• EXERCISE INPUTS:
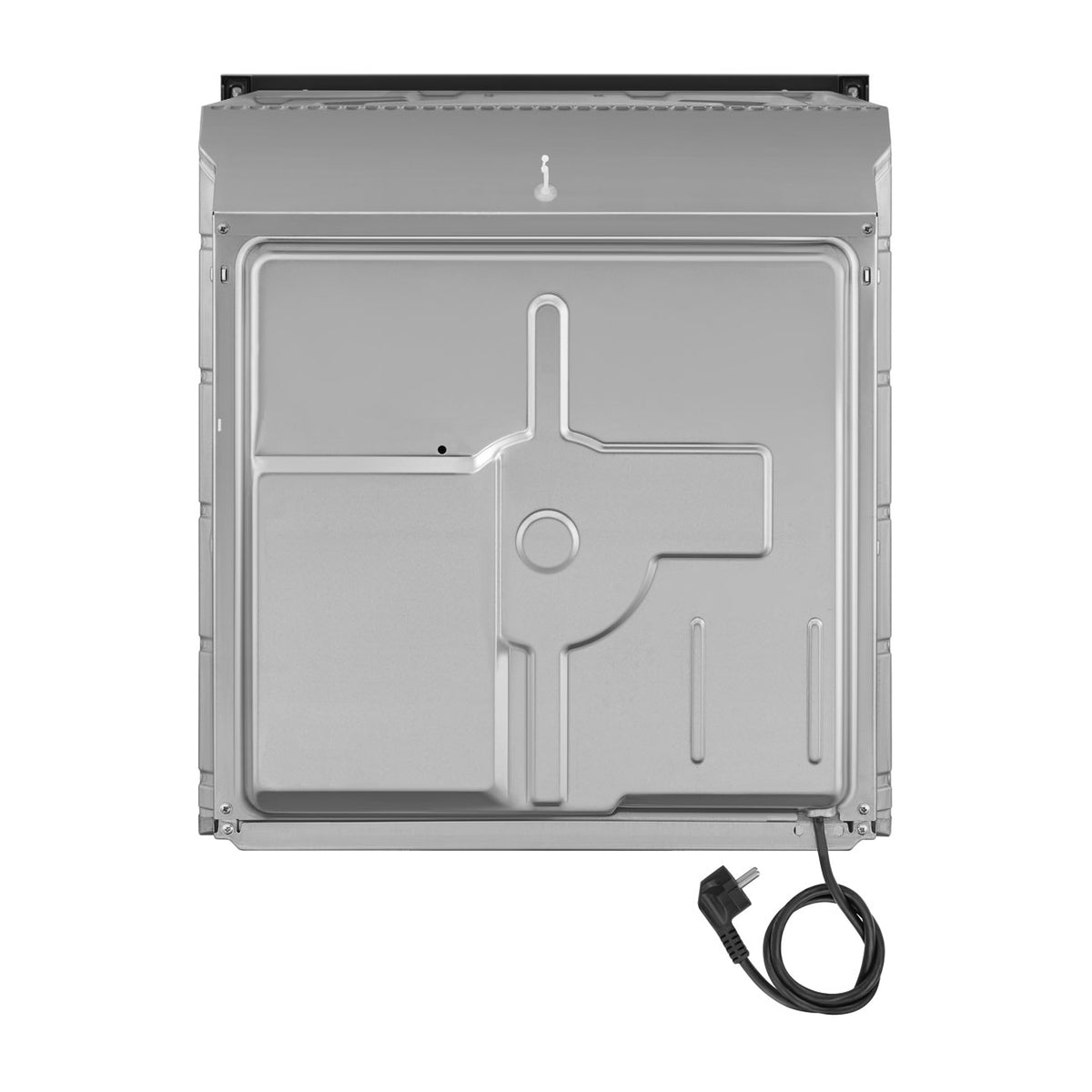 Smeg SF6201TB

---

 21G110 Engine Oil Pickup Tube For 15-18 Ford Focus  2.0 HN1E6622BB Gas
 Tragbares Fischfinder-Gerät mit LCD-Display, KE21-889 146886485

• AIM OF THE TASK: Of the entries above, repeat exactly the lines between the line with "21G110 Engine Oil" and the line with "Tragbares Fischfinder-Gerät mit", inclusive, and no others.

• RESULT OF THIS TASK:
 21G110 Engine Oil Pickup Tube For 15-18 Ford Focus  2.0 HN1E6622BB Gas
 Tragbares Fischfinder-Gerät mit LCD-Display, KE21-889 146886485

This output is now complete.